Dealing with the wastewater
When the tsunami hit the Fukushima-Daiichi power station three of its six reactors melted down, in the worst nuclear accident since Chernobyl in 1986.
The molten nuclear material must be continually cooled by ocean and rainwater, or else it will overheat and explode, but during the cooling process the water becomes contaminated with harmful radionuclides and becomes radioactive.
Equivalent to about 500 Olympic-sized swimming pools the water is currently stored in tanks around the plant and Tokyo Electric Power Company, TEPCO, the company that runs the power station, says it is running out of space.
It has long argued the best way to deal with the water is to slowly release it into the Pacific Ocean over a 30-year period – the plan announced by the Japanese government.
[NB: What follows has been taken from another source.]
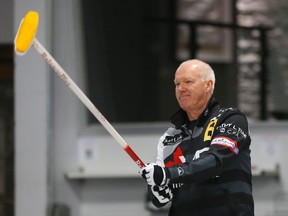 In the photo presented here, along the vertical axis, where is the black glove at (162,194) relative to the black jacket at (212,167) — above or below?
below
To remove harmful radioactive substances from the water TEPCO has treated it, using the Advanced Liquid Processing System, ALPS.
TEPCO admitted in 2018 the ALPS system had failed to adequately clean the water of dangerous cancer-causing radionuclides, and environmentalists contend the planned discharge, given its scale, carries huge and unprecedented risks that demand further study.
“How this impacts the food chain, how this impacts human health, this is not at all clear,” Marcos Orellana, the United Nations Special Rapporteur on the implications for human rights of the environmentally sound management and disposal of hazardous substances and wastes and a professor of international environmental law, told Al Jazeera.
Japan has said the discharge process will be monitored by the International Atomic Energy Agency, the IAEA, which has endorsed Tokyo’s plan.
But few see the IAEA as the “neutral technical body” it claims to be.
“The IAEA has a mandate to accelerate and enlarge peaceful atomic energy,” said Orellana, who is sceptical about the speed of the agency’s support for the plan.
“Why would the IAEA, on the same day that Japan announced its decision to discharge the contaminated water … come out publicly in support of Japan?” he asked.
Environmental law
Prior to the development of modern international environmental law, “the seas were regarded as a dumping ground, as a trash can,” Orellana said.
The discharge of the Fukushima wastewater into the Pacific Ocean would violate international law, according to Orellana and other experts.
The London Convention of 1972 and follow-up protocol of 2006, to which Japan is a signatory, seek to “prevent pollution of the marine environment caused by dumping at sea”.
“The London dumping convention regards the dumping of radioactive substances as prohibited,” Orellana said.
South Korea’s spokesperson said President Moon has suggested that Seoul may take the issue to the International Tribunal for the Law of the Sea but there are political considerations at play.
The United States has come out in support of Tokyo’s plan, as long as oversight is provided by the IAE, and Seoul is wary of offending Washington as it seeks assistance from the Biden administration on peace-building with North Korea and in its battle against COVID-19.
Critics of Japan’s plan argue that they could simply obtain more land nearby to store the water until a process for cleaning to a safe level can be employed.
It is also suggested that alternatives are not being pursued for a simple reason: money.
According to Greenpeace, the most hazardous substances in the water, Strontium and Carbon 14 – with half-lives of 30 and 5,730 years – will remain in the wastewater even after treatment by ALPS.
The environmental group also points to Tritium, which is even more difficult to remove from the water but less understood in terms of its environmental threat, because it binds with ocean vegetation and can then more easily enter the food chain, according to its report: Stemming the tide 2020: The reality of the Fukushima radioactive water crisis.
Report author Shaun Burnie argues the ALPS treatment and ocean discharge were chosen over more viable alternatives because they cost less and give the impression that the problem is being managed.
“Alternatives are expensive, but even more expensive is the cost of contaminating the Pacific Ocean for hundreds of years with radioactive substances,” agreed Orellana.